Yes, I saw that dev all package one-liner that @timholy posted on the other issue. I haven't tried that yet.

Note that it does seem counter-intuitive to have to dev all packages when you technically shouldn't be aware that your repo hosts multiple packages in the currently supported workflow.

I'll try creating a MWE for you, though. I got the vague impression it was already known. Sorry.

ma-laforge commented 4 years ago

Ok.
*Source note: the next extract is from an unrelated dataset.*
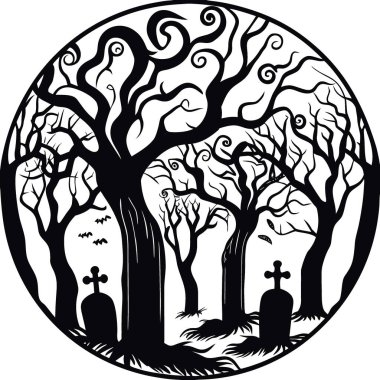 Çarpık ağaç siluetleri yapay zekanın yarattığı sisli bir mezarlığı kucaklıyor. Vektör simgesi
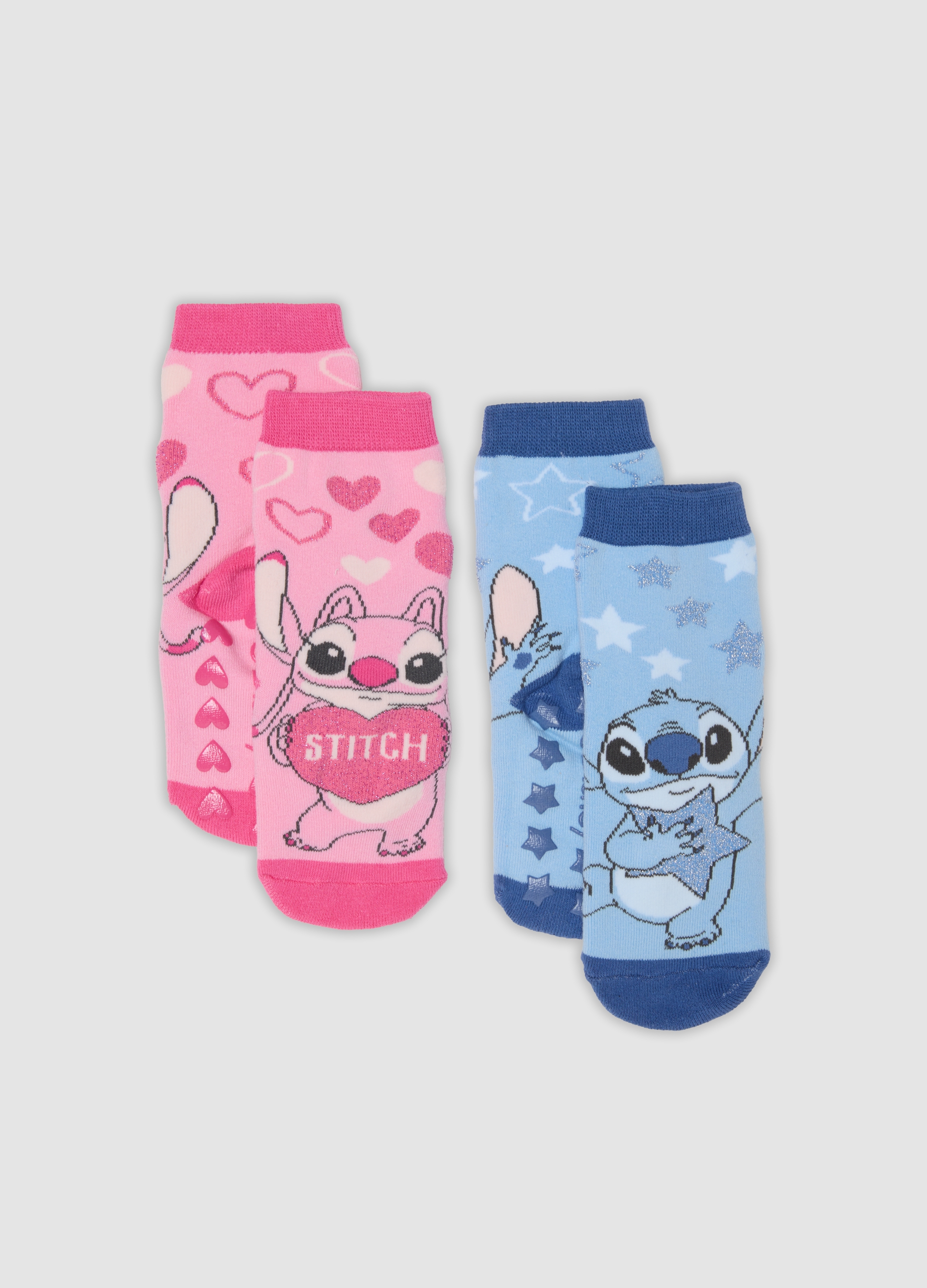 DISNEY, Bipack Calze Antiscivolo Multicolor In Cotone Organico Elasticizzato Con Stampa Stitch, Bambina, Multicolor, Taglia: 28/30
I built a sample multi-package repo on Github, to illustrate my MWE.

You can add PkgTestRoot, SubPkgA, and SubPkgB using the following:

Pkg.add(path="https://github.com/ma-laforge/PkgTestRoot.jl")
Pkg.add(path="https://github.com/ma-laforge/PkgTestRoot.jl", subdir="subpkgs/SubPkgA.jl")
Pkg.add(path="https://github.com/ma-laforge/PkgTestRoot.jl", subdir="subpkgs/SubPkgB.jl")

Now, if I want to modify one of the sub-packages, I would logically do the following:

]dev SubPkgA

But in Julia 1.5.0-rc1.0, I get the following error:

ERROR: name `PkgTestRoot` given by project file `/home/laforge/.julia/dev/SubPkgA/Project.toml` does not match given name `SubPkgA`

So it "dev"s the entire repo under the name SubPkgA, then assumes (incorrectly) that the root Project.toml file corresponds to that sub package. That's why it sees a name mismatch. It should have checked the other Project.toml file.

GunnarFarneback commented 4 years ago

Thanks, I can reproduce this.

So the scenario here is developing an unregistered subdir package by name, which is known to Pkg after having been added by URL. Clearly the code is not doing the right thing here and I've opened #1925 to track it. Meanwhile, the easiest workaround is probably to develop the subdir URL shown by Pkg.status:

(@v1.5) pkg> st
Status `/tmp/foo16/environments/v1.5/Project.toml`
  [f50ccdc4] PkgTestRoot v0.1.0 `https://github.com/ma-laforge/PkgTestRoot.jl#master`
  [2176828e] SubPkgA v0.1.0 `https://github.com/ma-laforge/PkgTestRoot.jl:subpkgs/SubPkgA.jl#master`
  [b3c70a09] SubPkgB v0.1.0 `https://github.com/ma-laforge/PkgTestRoot.jl:subpkgs/SubPkgB.jl#master`

(@v1.5) pkg> dev https://github.com/ma-laforge/PkgTestRoot.jl:subpkgs/SubPkgA.jl
ma-laforge commented 4 years ago

Thanks @GunnarFarneback. Yes that appears to work!